One track that has always sounded 'wrong' to me is "Pete Townshend - You Better You Bet".

Am I the only one uncomfortable with discussing specific styles of music mixes in conjunction with fidelity in an engineering forum? Call me chicken s#!t, but the overwhelming subjectiveness of it all makes me gag. I understand that some are stating certain attributes of specific tracks in an attempt to be clear, but it doesn't help my nausea.

<caution - soapbox ahead>
Over the last twenty years I transferred hundreds of major label masters and engineered Telarc, DMP and Sheffield releases in multiple formats. I say this not to brag, but as a pretext to saying each label, producer and format has strong sonic variabilities and tendencies. Among the engineers in each of the projects I was involved, strong preferences were expressed for different sonic signatures, sometimes leading to arguments over the merits of each. In these pow-wows, who is right, who is wrong? After all is debated, it is usually the person who pays the bills who wins.

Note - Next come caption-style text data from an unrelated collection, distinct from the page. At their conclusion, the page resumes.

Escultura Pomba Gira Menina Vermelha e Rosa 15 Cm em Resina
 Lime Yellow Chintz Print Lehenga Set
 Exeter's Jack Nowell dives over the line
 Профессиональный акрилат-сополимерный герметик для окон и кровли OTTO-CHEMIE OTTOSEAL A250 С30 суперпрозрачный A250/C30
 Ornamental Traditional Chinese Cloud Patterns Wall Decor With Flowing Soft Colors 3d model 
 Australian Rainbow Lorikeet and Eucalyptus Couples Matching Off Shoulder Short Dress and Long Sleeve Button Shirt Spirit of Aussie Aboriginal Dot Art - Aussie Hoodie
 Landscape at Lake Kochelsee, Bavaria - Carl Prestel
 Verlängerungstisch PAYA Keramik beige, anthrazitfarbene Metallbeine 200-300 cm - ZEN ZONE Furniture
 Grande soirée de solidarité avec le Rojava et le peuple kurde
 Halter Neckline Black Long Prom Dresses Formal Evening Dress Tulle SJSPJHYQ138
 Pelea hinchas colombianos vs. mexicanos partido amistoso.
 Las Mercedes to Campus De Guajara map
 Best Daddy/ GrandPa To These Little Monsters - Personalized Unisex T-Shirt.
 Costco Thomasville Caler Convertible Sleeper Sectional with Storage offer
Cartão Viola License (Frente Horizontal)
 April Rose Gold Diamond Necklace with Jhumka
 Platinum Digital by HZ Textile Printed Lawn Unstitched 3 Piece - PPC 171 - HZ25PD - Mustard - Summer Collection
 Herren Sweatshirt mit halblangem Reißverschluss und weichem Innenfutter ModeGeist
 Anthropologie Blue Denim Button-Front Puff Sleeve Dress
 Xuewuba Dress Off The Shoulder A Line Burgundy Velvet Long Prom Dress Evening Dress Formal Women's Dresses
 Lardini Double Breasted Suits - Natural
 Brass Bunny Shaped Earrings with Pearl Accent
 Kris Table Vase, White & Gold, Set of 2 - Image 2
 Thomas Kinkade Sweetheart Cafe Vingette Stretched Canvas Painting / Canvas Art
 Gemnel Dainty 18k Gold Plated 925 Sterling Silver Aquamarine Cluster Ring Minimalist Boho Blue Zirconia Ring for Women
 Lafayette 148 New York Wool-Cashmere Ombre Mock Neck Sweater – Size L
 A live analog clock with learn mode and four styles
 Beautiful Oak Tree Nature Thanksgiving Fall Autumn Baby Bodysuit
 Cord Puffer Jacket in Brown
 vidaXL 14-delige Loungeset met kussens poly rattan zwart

In the absence of actual flaws (distortions, response peakiness, high noise, etc.) a mix is A MATTER OF OPINION. Proper electronic fidelity is not. Let's try to stick to this topic, please. I applaud JC, PMA and SC and a few others for trying really hard in this respect.
<off soapbox>

OK, this being said, I am aware the whole point of our science and art is the reproduction of music, not test tones. For my own reference recordings to evaluate equipment, I use a mix of CDs and downloaded 192/96KHz 24bit tracks in FLAC format. I use several FLAC tracks for which I had the original label masters, and IN MY OPINION (no graphs, charts, etc to back this up) this last format sounds the closest to the originals.

Why won't I discuss the actual titles I use? Because the whole point of music is person-to-person communication at an emotional level. If an artist's music gets to you it transcends the medium. If they speak in a way or in a milieu that you do not connect with, the recording, no matter how gorgeous, will not do s#!t for you emotionally. IMHO, we open our senses to that music which connects with us, and close off from the others. There is no level playing field across all genres. Isn't this why we use test equipment to quantify performance? If a certain musical selection causes a piece of equipment to change the sound, then we should be trying to find a piece of equipment to quantify the change. I think this is what JC is doing with his discussion of PIM and TIM. He hears something and is trying to quantify it using a piece of equipment, not opinion. In the absence of proper specifications and equipment to measure them the discussion becomes mired in unsupportable opinion with no hope of consensus.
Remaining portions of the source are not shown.